Üstad’ın manevi mertebesini bilen ve büyük bir sevgi ve hürmetle kendisine bağlı olan Abdullah Çalışkan, bir Kurban Bayramı günü hastalanıp Üstad bedeline ahirete göçer. Şükran Hanım babasının hastalığı sırasında ilginç hadiselere şahit olur:
“Babam hasta olduğu zaman bile, Üstad’ı ziyaretimi anlattırır, büyük zevkle dinlerdi. Kendi kendine, ‘Ey koca üstadım, Ceylan’a sahip çıktığın gibi benimkilere de sahip çıkacak mısın?’ derdi. Kurban bayramı arifesiydi. Akşam ve yatsı namazlarına gitti, bayram şekerlerimizi almış getirdi. Epey konuştuk. Gece rahatsızlandı. Üç gün baygın yattı. Komşuları çağırdım, ‘Babama bir şey olmuş gelin kendinde değil’ dedim. Geldiler, baktılar, bir türlü ayıkmıyor. Kendinden hiç haberi yok. Ertesi gün bayram ama bizim akrabalar gelmiyorlar. Akrabamız Zeki geldi. ‘Zeki, babamın kardeşleri neden hiç gelmiyor, bakmıyorlar?’ dedim. ‘Şükran’ dedi, ‘Hoca Efendi de çok hasta olmuş, onunla meşgul oluyorlar!’ Meğer aynı anda Üstad da fenalaşmış.”
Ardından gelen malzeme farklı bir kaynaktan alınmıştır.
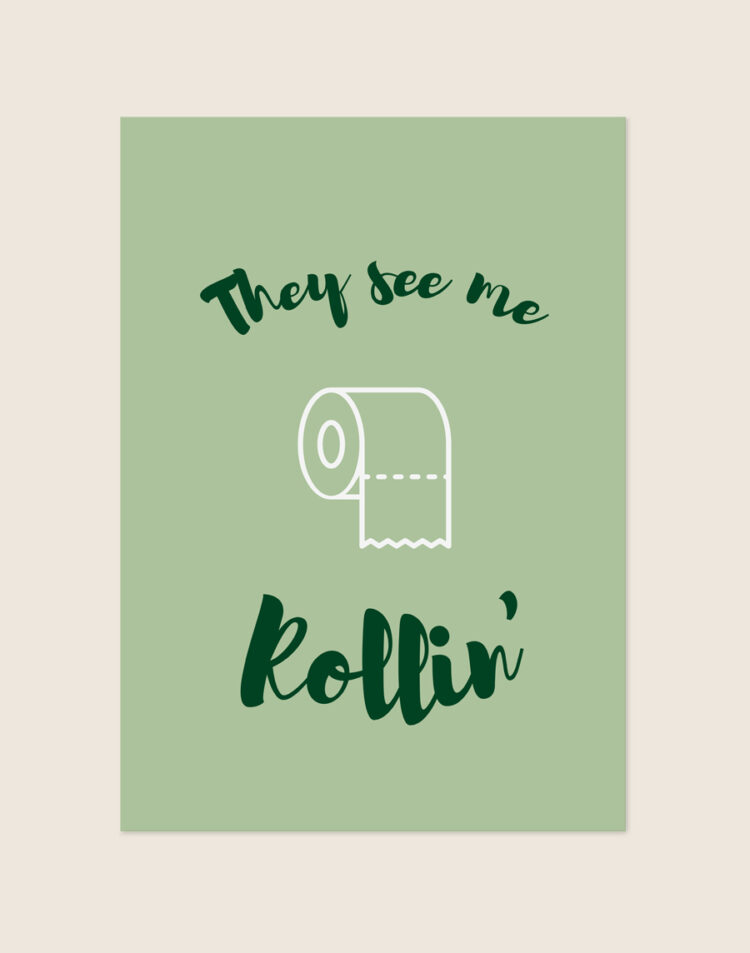Zachtgroene poster met donkergroene sierlijke letters met de tekst They see me Rollin' en een witte illustratie van een rol toiletpapier, sfeervol opgehangen aan een neutrale muur in een moderne toiletruimte.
“Hastalığının farkında değildi”
“Üç gün geçti. Baktım kalkmış oturmuş. ‘Baba sen iyileştin mi?’ dedim. Öyle sevindim ki. ‘Ne oldu ben hasta mıyım? Burada yatmıyordum, bayram olacaktı, olmadı mı?’ dedi. O kadar kendinden geçmiş ki, bir şeyden haberi yok. Anlattım, böyle böyle oldu dedim. ‘Üç gündür namaz kılmadım mı?’ dedi. ‘Namaz kılmam lazım. Demek bayram da yapamadınız ha!’ dedi. Biraz kendine geldi. Kardeşim doktor getirdi. Geliyor bakıyor, konuşturuyorlar. Zehirlenmekten şüpheleniyorlar. ‘Niye zehirlensin, aynı yemekten biz de yedik’ diyoruz. Elli gün geçti aradan, hiç yemek yemiyordu. Ölümüne yakındı, bir gün, ‘Baba yine mi bir şey yemeyeceksin?’ dedim. ‘Kızım o yemeklerin üzerine ben nasıl yiyeyim. Anan çok güzel yemekler yapmış, tepsinin üzerine de o güzel kaplarla koymuş ne güzeldi!’ dedi. Rahmetli annemden bahsediyordu. ‘Baba nelerdi, kim getirdi?’ diye sordum. ‘Anan getirmiş’ dedi, ‘çok da güzeldi. Hepsinden de yedim. Ama o çorba çok güzeldi. O çorbadan olursa yine yerim’ diye tebessüm ederek anlattı.”

“Şükran bana emanettir”
Elli gün geçer ve Abdullah Çalışkan vefat eder. Şükran Hanım, babasının ölümüyle birlikte çok sarsılır. Onu teselli eden ise yine Üstad olur. Şükran’ı kendisine manevi evlat kabul eden şefkatli Üstad, Şükran Hanım evleninceye kadar kendi evladı gibi onunla ilgilenir, her gün yiyecek bir şeyler gönderir:
“Babam vefat edince ben kendimden geçmiştim. Üstad, kardeşim Halil’i çağırttı. Halil gitmiş. ‘Ablan neden çok ağlıyor. Üzülmesin, babanız onu bana emanet etti. Ben varım. Eğer o gece baban ölmeseydi ben vefat edecektim. Şimdiden sonra size bakmakla ben mükellefim’ demiş Halil’e. Bana da yarım ekmek içine zeytin koyup bal sürmüş göndermiş.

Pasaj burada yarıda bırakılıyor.